12 Replies to “Honey, I Finished The Internet”

  1. You should see the amazing craftsmanship in the coin collection that I currently have accumulated.
    Quite amazing in miniature detail of every object encased.

    1. One must remember that those Cathedrals were built over several generations of men.
      As they say, Rome wasn’t built in a day.

      1. And they were built by trial and error. Admittedly the masons did apply experience so towers and things only fell down once or twice until they were stable.

      2. Generations? Hundreds of years.

        No TV, video games, interwebs to suck up the time, and minds,back then.

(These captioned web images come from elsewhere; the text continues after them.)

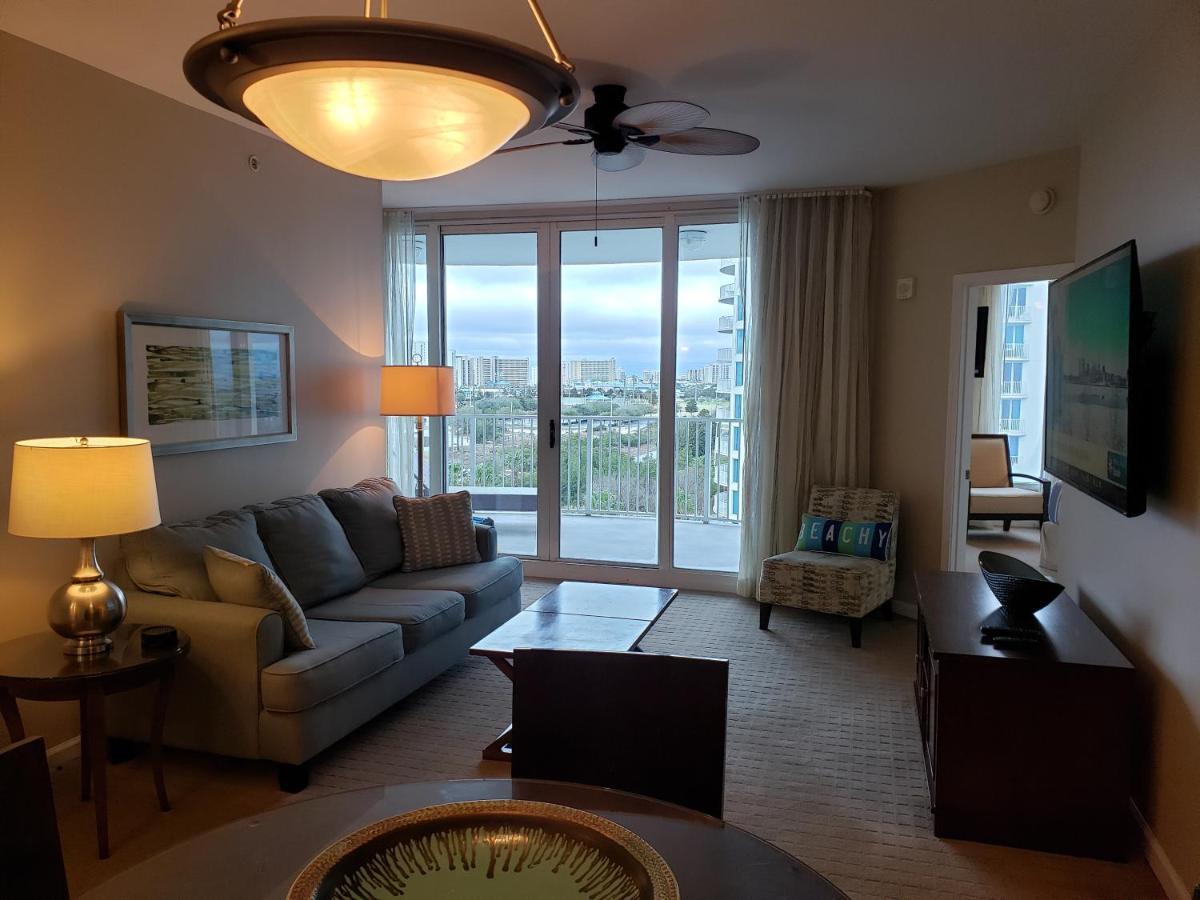 1815 A Slice Of Heaven Destin - Pool & Ocean View公寓式酒店 外观 照片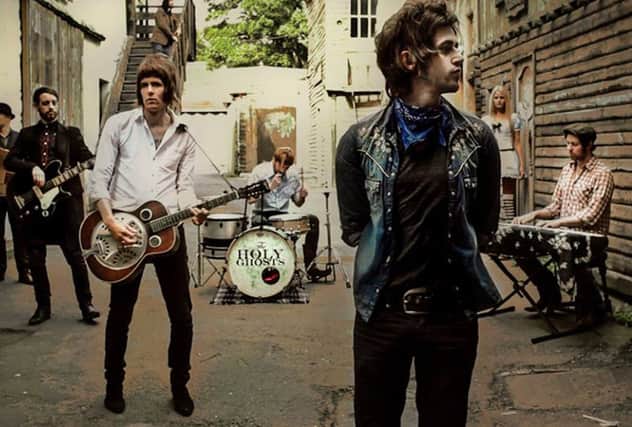 The Holy Ghosts: Sixties music channelled through the Nineties. Picture: Facebook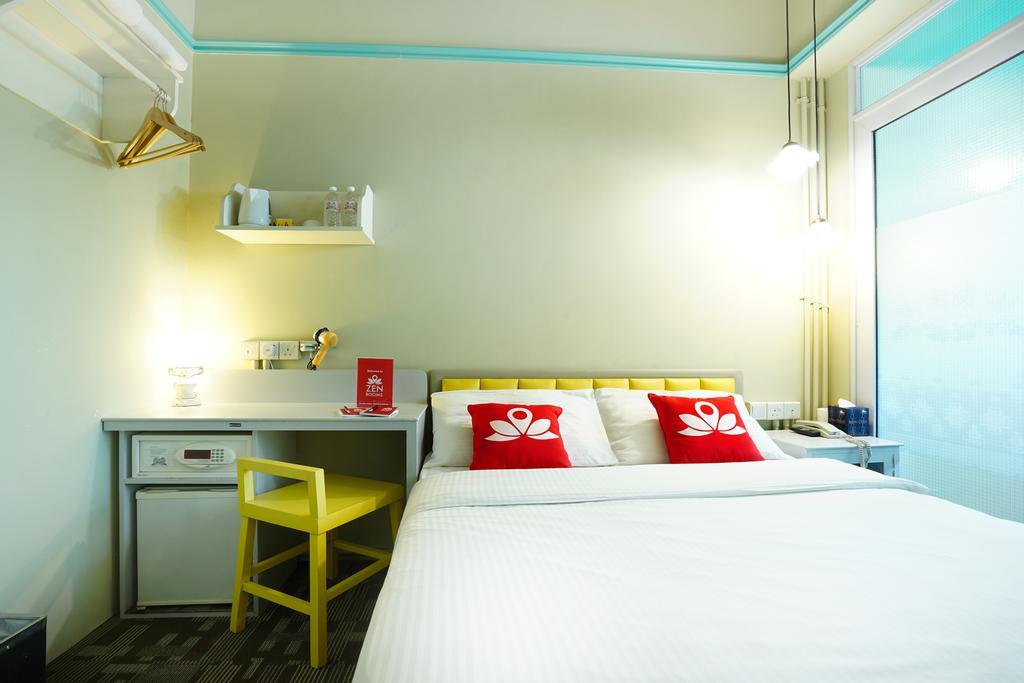 Zen Rooms Farrer Park Singapur Dış mekan fotoğraf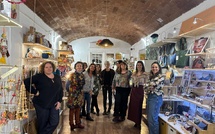 Ajaccio : la boutique d’artisans Carré d’Art rouvre au 55 rue Fesch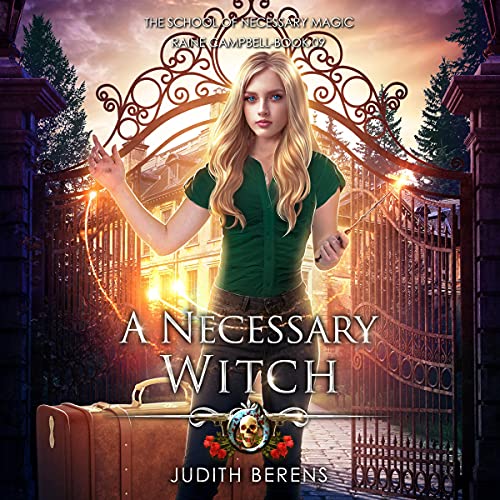 Cover of A Necessary Witch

  2. The whole “Dark Ages” thing has been a misnomer for decades. Originally coined by Victorian moralists who romanticized the Classical Greco-Roman world and the Renaissance, it continued in the 20th century by historians who used it to refer not to the culture but the paucity of written records from the period. As any serious student of medieval history will tell you, there was no post-Roman “Dark Age” in southern Europe. We just obsess over it because we’re part of the Commonwealth, and Britannia being an isolated frontier province got hit harder by the recall of the Legions.

    1. In a way, I would call the 20th. century the darl ages because of the 100s of millions killed by totalitarian states driven by socialism. The ideology was from the 19th. century but the ability to control and kill en masse was definately 20th century. I was hoping we had passed through that era but we still have the CCP and now “democracies” are flling prey to the mass techniques employed by the CCP.

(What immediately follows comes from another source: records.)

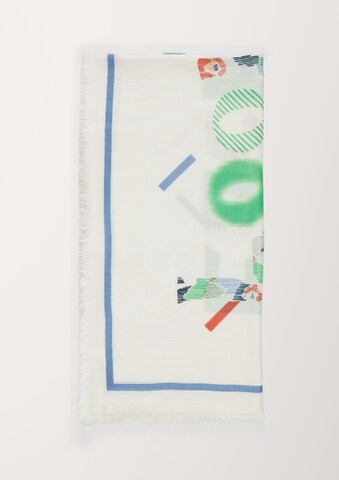s.Oliver Doek in Beige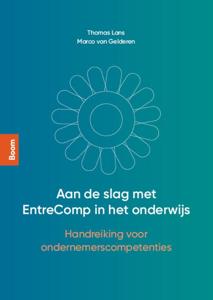 Aan de slag met EntreComp in het onderwijs (Paperback)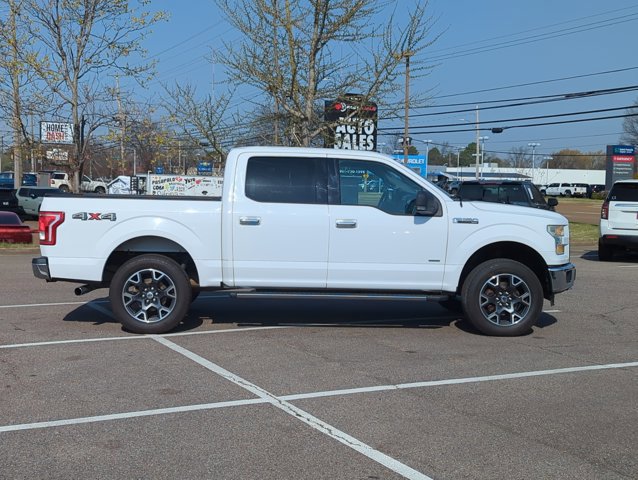 Used 2015 Ford F150 XLT w/ Equipment Group 302A Luxury AWD/4WD image 4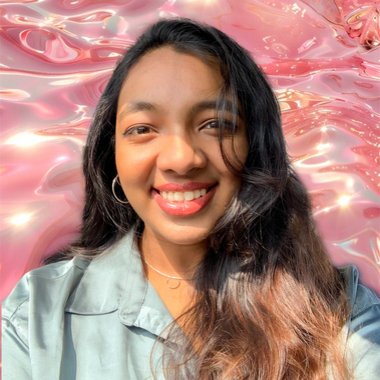 KHUSHI M. - Freelance Motion Graphic Designer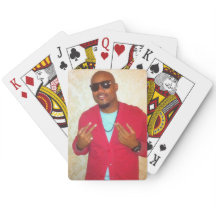 Distressed Edition Playing Cards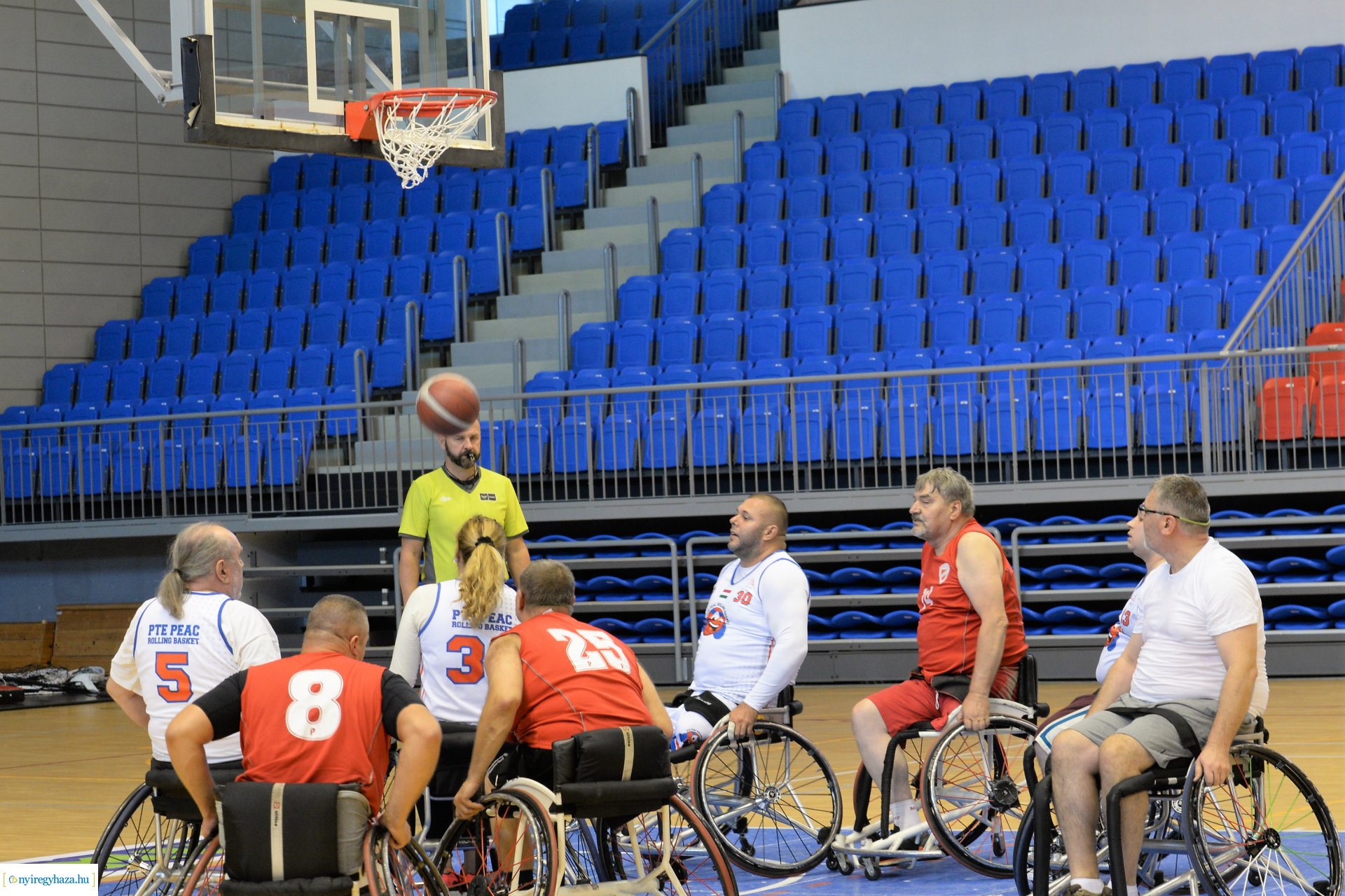 Kerekesszékes kosárlabda Magyar Kupa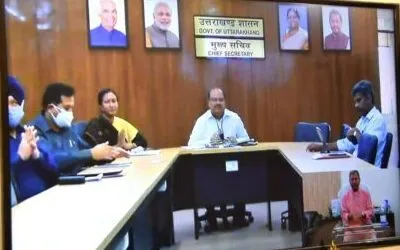 देहरादून: कोरोना प्रभावित क्षेत्रों में बनाएं कटेंनमेंट जोन: सीएम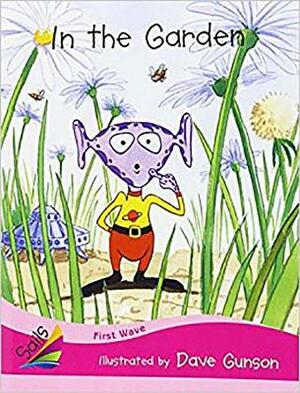 Student Reader: In the Garden by Rigby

    2. An elite morning the haunting loss of the great Roman administrative state into the many local Deploribals.

  3. I appreciate the time and effort it takes to make something so beautiful that you question how the craft person could have such a fine eye to the details it takes to turn an object into a thing of beauty.

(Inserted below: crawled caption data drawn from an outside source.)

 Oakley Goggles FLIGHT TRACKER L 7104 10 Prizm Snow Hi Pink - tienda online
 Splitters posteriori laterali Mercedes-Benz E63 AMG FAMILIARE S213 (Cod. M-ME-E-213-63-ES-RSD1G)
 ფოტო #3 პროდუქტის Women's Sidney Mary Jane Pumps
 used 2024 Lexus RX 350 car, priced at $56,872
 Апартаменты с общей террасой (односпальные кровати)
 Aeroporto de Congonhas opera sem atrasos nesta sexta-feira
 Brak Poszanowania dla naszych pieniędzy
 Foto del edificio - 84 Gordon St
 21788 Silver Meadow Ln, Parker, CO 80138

    I was very fortunate to have been able do many projects that increasing safety laws now deem them illegal as the tools needed had to have their safety guards removed. Which some safety inspector could fine our company boss for if we were caught.
    I created jigs for the saw mill that I could use to angle the wood in a productive way to do a couple pieces at a time to make real wood siding. Octagon the posts so to have a truly accurate measurement to recreate the blue print drawings that I was given to have to the sixteenth of an inch accuracy.
    If I could snap a line on a piece of wood, I could fulfill whatever my boss gave me to do. And at times had to interconnect to the other workers staircase and stay within our mandated rail safety laws that inspectors were sure to measure.
    Some of the most demanding and interesting was a round rail, upper and lower piece that looked like a single piece of log with posts on each end to fit a floor opening to a spiral staircase.
    Another was 360 feet of Cedar fencing that had to interconnected to stone pillars angled in and two sections going down a slight inclined which changes the angle of the rail lines. I adjusted this so that everything by eye looked level and correct with the rest of the fence logs being installed.
    So, yes, our politicians did kill our ingenuity and creativity by making everything illegal.